### Work request
Return only that part of the material below which starts with the line containing "media/Jan-14-2024-SoCal Trackdays (Sun)" and goes on through the line containing "Torrid Cocktail Dress (view 1)", restated exactly.

Start of The data

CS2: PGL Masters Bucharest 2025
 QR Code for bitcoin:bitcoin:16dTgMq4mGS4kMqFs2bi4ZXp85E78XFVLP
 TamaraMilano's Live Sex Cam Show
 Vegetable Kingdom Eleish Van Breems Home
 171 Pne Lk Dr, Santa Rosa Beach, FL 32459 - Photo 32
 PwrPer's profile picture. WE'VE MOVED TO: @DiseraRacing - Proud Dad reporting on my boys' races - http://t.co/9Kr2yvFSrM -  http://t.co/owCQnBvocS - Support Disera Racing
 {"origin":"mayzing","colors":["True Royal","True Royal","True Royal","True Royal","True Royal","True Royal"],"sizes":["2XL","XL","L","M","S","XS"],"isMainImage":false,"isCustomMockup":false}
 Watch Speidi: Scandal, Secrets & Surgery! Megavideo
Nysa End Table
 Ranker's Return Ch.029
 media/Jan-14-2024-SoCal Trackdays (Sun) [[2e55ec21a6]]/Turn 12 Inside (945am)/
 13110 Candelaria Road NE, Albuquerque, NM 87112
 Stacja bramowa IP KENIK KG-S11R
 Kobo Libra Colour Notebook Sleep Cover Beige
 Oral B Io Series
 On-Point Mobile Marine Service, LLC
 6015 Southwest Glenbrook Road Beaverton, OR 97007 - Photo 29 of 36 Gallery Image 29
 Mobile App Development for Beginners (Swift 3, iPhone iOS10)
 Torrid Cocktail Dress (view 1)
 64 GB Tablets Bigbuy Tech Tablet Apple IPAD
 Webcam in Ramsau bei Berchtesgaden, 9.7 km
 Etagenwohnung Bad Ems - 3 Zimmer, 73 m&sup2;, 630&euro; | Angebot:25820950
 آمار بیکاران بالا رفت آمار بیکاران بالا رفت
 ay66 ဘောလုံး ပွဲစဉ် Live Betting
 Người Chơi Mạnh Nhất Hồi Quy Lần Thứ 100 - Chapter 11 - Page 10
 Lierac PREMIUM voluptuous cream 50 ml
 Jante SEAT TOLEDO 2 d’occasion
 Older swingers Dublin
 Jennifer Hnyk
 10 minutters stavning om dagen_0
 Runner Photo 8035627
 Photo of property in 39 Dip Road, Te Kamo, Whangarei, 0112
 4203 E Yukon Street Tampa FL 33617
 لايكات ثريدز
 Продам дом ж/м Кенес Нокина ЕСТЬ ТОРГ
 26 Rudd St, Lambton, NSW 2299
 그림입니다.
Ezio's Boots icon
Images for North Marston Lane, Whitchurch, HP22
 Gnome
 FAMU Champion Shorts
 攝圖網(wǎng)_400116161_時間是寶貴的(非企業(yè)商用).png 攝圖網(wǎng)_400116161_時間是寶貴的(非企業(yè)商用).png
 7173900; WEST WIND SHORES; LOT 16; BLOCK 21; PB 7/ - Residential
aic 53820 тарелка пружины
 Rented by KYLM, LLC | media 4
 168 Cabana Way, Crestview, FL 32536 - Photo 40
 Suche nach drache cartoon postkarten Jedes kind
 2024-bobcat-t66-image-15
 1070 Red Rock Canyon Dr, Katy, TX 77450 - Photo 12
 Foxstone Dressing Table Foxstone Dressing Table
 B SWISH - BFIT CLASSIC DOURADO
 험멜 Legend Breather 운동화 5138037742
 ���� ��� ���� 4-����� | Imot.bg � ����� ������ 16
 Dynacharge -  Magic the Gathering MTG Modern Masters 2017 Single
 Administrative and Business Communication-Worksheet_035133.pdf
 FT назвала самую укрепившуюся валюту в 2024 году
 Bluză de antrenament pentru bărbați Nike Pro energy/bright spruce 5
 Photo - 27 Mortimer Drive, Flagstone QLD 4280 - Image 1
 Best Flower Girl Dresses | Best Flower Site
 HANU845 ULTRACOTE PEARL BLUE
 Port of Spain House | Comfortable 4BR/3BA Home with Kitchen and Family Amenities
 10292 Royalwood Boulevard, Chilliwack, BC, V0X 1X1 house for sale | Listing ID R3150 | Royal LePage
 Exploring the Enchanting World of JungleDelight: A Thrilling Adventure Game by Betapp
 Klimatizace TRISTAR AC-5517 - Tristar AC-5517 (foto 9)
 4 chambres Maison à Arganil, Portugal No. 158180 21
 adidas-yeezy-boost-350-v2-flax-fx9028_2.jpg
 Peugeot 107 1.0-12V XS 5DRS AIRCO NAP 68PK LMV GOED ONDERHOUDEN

End of The data

### Expected output
 media/Jan-14-2024-SoCal Trackdays (Sun) [[2e55ec21a6]]/Turn 12 Inside (945am)/
 13110 Candelaria Road NE, Albuquerque, NM 87112
 Stacja bramowa IP KENIK KG-S11R
 Kobo Libra Colour Notebook Sleep Cover Beige
 Oral B Io Series
 On-Point Mobile Marine Service, LLC
 6015 Southwest Glenbrook Road Beaverton, OR 97007 - Photo 29 of 36 Gallery Image 29
 Mobile App Development for Beginners (Swift 3, iPhone iOS10)
 Torrid Cocktail Dress (view 1)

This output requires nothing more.